> _What you should do_
When you reach the line in the data below that contains "V-Line Cable Knit Kazak Siyah", please start repeating lines exactly, and stop after the line that contains "Christmas Stocking 2 Low-poly 3D model", repeating nothing else.

============

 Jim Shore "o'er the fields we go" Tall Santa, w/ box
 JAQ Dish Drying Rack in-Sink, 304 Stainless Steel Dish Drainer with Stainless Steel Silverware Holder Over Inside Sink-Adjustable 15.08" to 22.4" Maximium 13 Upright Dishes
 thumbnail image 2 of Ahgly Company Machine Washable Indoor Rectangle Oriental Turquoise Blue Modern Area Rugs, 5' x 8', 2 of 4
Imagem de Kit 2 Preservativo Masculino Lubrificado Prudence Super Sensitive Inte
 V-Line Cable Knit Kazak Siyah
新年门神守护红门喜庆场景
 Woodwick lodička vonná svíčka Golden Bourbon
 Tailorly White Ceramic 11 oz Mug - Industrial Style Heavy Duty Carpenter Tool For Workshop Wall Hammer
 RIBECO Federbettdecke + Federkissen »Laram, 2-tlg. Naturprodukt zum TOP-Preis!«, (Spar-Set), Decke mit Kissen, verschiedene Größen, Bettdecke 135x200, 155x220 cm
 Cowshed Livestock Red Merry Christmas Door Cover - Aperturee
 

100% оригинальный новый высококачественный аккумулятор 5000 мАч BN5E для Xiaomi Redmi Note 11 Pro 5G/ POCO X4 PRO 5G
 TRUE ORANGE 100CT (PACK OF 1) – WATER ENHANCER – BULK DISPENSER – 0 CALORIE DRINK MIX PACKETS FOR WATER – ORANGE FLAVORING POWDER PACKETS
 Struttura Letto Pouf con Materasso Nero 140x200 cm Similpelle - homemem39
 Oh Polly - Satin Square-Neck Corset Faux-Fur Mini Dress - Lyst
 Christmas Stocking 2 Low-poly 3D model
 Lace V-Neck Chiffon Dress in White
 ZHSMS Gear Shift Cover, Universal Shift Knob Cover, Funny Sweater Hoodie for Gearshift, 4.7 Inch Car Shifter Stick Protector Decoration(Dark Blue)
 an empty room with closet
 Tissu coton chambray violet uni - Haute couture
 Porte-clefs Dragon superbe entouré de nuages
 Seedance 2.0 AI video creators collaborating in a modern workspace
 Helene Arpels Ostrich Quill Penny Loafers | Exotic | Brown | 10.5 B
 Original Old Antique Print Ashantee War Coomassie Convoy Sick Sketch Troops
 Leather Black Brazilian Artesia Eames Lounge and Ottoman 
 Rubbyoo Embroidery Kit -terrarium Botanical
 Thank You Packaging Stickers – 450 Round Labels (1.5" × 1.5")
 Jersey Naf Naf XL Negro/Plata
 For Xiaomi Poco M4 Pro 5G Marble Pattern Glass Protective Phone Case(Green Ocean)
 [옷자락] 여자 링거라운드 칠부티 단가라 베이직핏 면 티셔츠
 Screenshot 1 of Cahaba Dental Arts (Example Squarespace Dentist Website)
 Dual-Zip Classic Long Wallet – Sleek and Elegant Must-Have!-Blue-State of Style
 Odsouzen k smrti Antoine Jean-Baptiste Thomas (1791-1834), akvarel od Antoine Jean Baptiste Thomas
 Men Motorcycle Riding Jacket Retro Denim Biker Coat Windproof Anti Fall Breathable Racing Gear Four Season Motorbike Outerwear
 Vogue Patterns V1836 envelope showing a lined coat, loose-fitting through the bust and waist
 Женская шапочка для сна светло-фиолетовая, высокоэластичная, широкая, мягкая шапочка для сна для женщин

============

> _Written response_
 V-Line Cable Knit Kazak Siyah
新年门神守护红门喜庆场景
 Woodwick lodička vonná svíčka Golden Bourbon
 Tailorly White Ceramic 11 oz Mug - Industrial Style Heavy Duty Carpenter Tool For Workshop Wall Hammer
 RIBECO Federbettdecke + Federkissen »Laram, 2-tlg. Naturprodukt zum TOP-Preis!«, (Spar-Set), Decke mit Kissen, verschiedene Größen, Bettdecke 135x200, 155x220 cm
 Cowshed Livestock Red Merry Christmas Door Cover - Aperturee
 

100% оригинальный новый высококачественный аккумулятор 5000 мАч BN5E для Xiaomi Redmi Note 11 Pro 5G/ POCO X4 PRO 5G
 TRUE ORANGE 100CT (PACK OF 1) – WATER ENHANCER – BULK DISPENSER – 0 CALORIE DRINK MIX PACKETS FOR WATER – ORANGE FLAVORING POWDER PACKETS
 Struttura Letto Pouf con Materasso Nero 140x200 cm Similpelle - homemem39
 Oh Polly - Satin Square-Neck Corset Faux-Fur Mini Dress - Lyst
 Christmas Stocking 2 Low-poly 3D model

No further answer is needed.